Ein Interview mit dem ensemble in transition
Hannah Rex: Auf welchem Weg haben Sie als Ensemble zusammengefunden?
Désirée Hall: ensemble in transition habe ich 2020 in Frankfurt am Main gegründet. Ich bin Ensemblemitglied und Projektleiterin. Vor zwei Jahren kam ich durch Zufall mit Gebärdenpoesie in Berührung. Es ist eine sehr ausdrucksstarke Kunstform und sie hat mich sofort fasziniert. Die Idee, sie mit Neuer Musik zu einer Synthese zu verbinden und als Ensemble mit neuen künstlerischen Aufführungsformen für taube und hörende Menschen zu experimentieren, hat mich nicht mehr losgelassen. Daraufhin habe ich Performerin und Tänzerin Kassandra Wedel angefragt und sie war gleich begeistert von dem ungewöhnlichen Konzept. Sie ist als taube Künstlerin sehr erfahren mit Gebärdenpoesie. Maren Schwier und Larissa Nagel kannte ich noch aus meinem Musikstudium in Frankfurt und auch sie haben gleich zugesagt. Maren ist festes Ensemblemitglied am Staatstheater Mainz und Larissa ist freischaffende Cellistin.

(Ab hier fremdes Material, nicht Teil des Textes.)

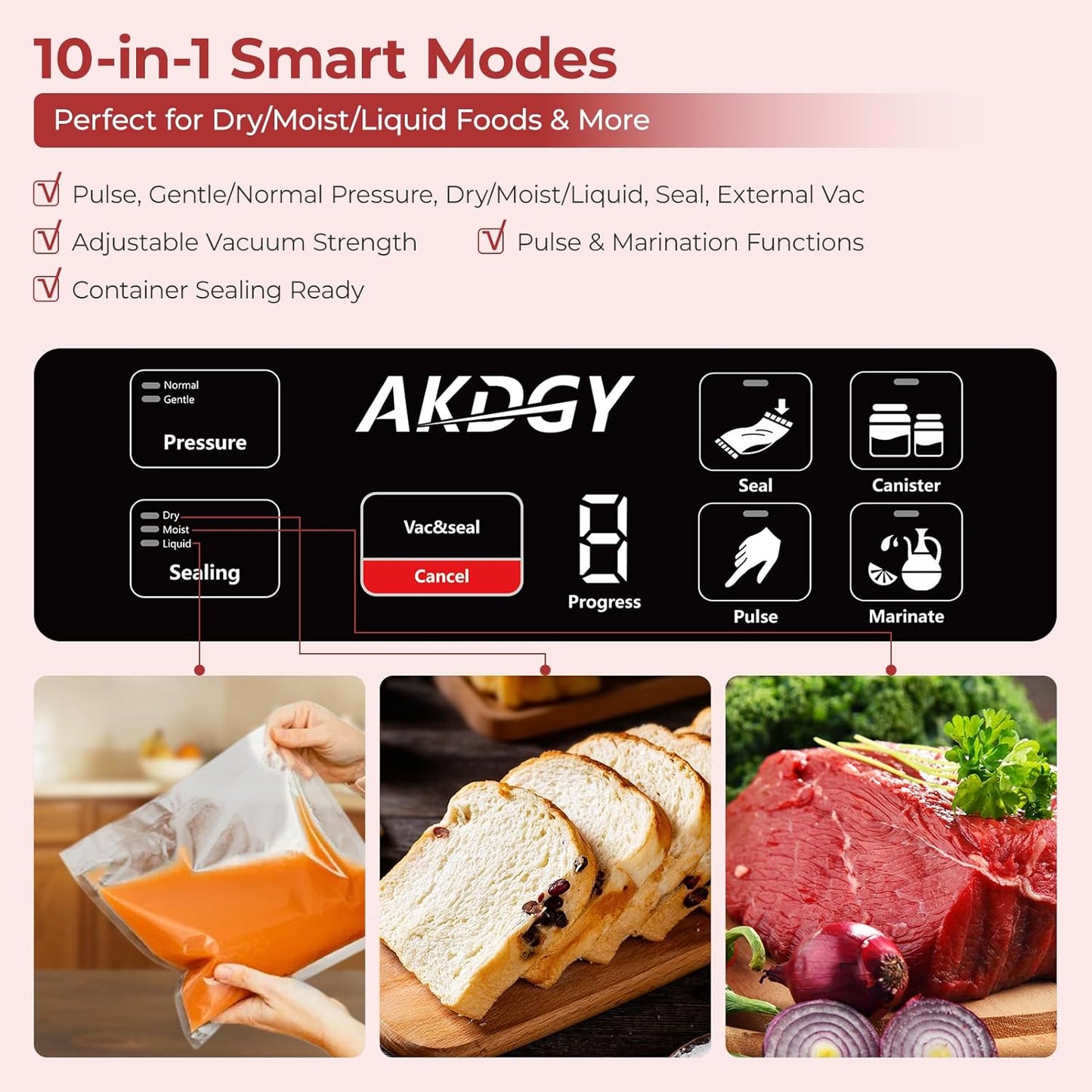 95Kpa Liquid Vacuum Sealer Machine, Full Automatic Food Sealer for Dry/Liquid/Moist Foods | Strong Suction | Digital Timer | One-Touch Operation | Built-in Cutter & Bag Storage | Removable Drip Tray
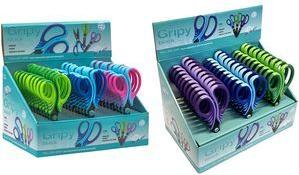 WEDO Bastelschere Gripy black, rund, Länge: 130 mm, 30er Display, für Rechtshänder, aus rostfreiem Edelstahl, - 30 Stück (731 699)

Sie spielt unter anderem im Opern- und Museumsorchester Frankfurt. So entstand ensemble in transition, ein hörend-taubes Ensemble.
HR: Sie sprachen schon die Gebärdenpoesie an. Was kann man sich darunter vorstellen?
Kassandra Wedel: Gebärdenpoesie ist Visuelle Poesie – sozusagen Lyrik in 3D. Sie ist eine eigenständige Kunstform. Es gibt sehr viele Möglichkeiten, wie man Gebärdenpoesie darstellen kann. So wie es auch in der Lyrik verschiedene Arten von Gedichten gibt. Grundsätzlich bauen wir Bilder und Metaphern in den Raum, spielen mit Gefühlen, Rhythmen und diversen Handformen in Reimen. Der Rhythmus der Bewegungen und deren Ausführung machen viel aus, in diesem Sinne ist Gebärdenpoesie für uns Gehörlose manchmal wie Musik fürs Auge. Am besten kommt man in unser Konzert und schaut sie sich mal an!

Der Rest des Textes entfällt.